ASSIGNMENT:
Here is a listing. Write it all out again exactly, but not its pictures.

--- INFORMATION SUPPLIED ---

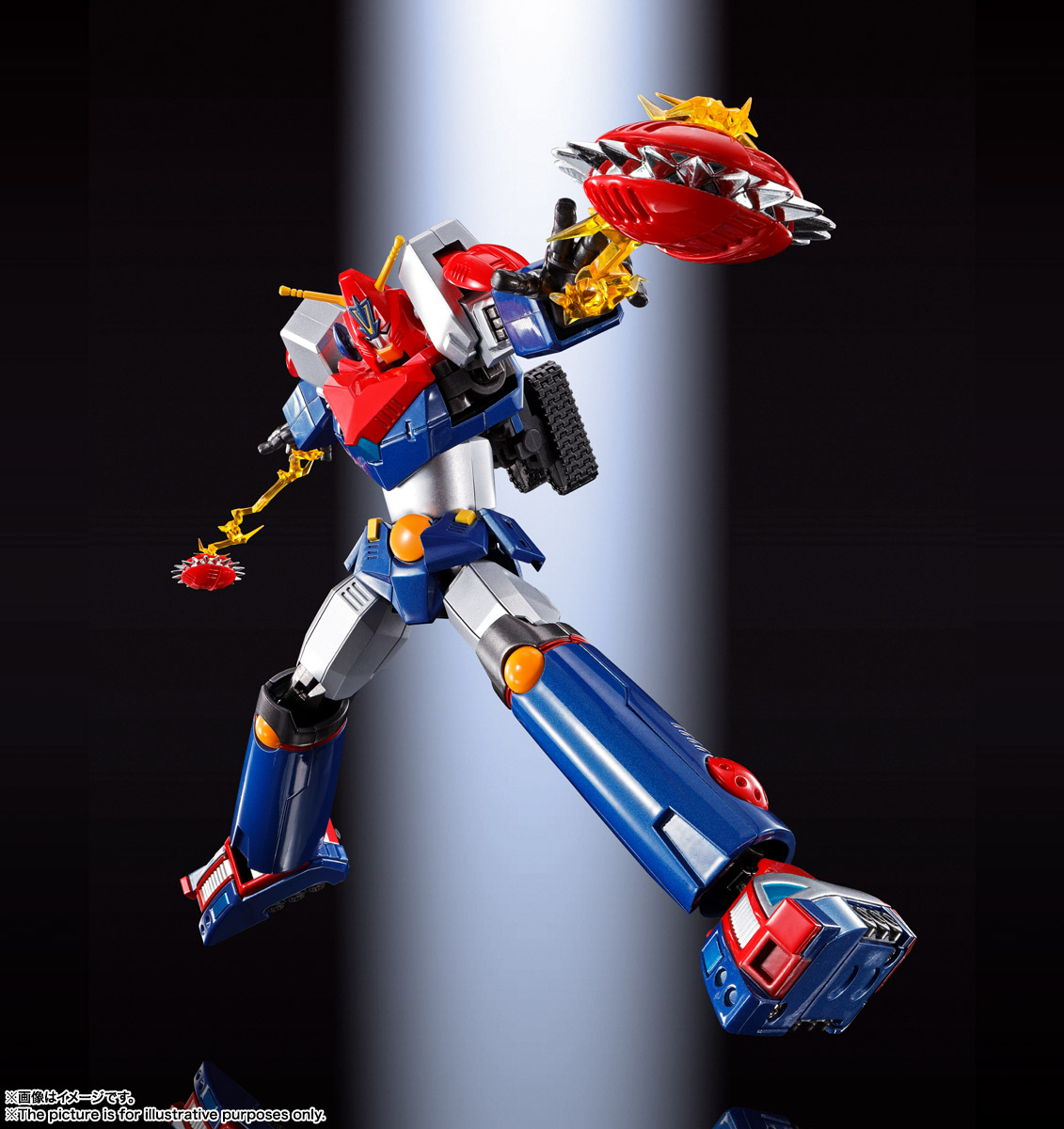 超合金魂 GX-90 超電磁ロボ コン・バトラーV F.A.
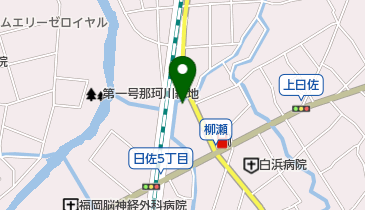 福建住宅株式会社の地図画像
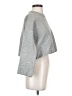 Shaci Gray Pullover Sweater Size S - photo 4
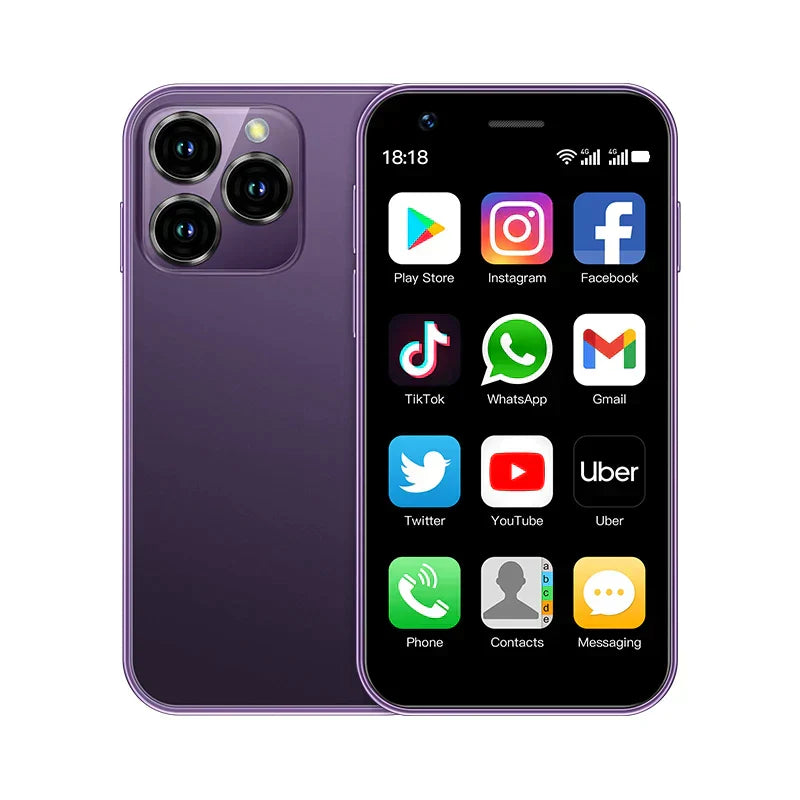 SmartPhone 2.0 – Mini Smartphone Compact de Poche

---

EXERCISE RESPONSE:
 超合金魂 GX-90 超電磁ロボ コン・バトラーV F.A.
 福建住宅株式会社の地図画像
 Shaci Gray Pullover Sweater Size S - photo 4
 SmartPhone 2.0 – Mini Smartphone Compact de Poche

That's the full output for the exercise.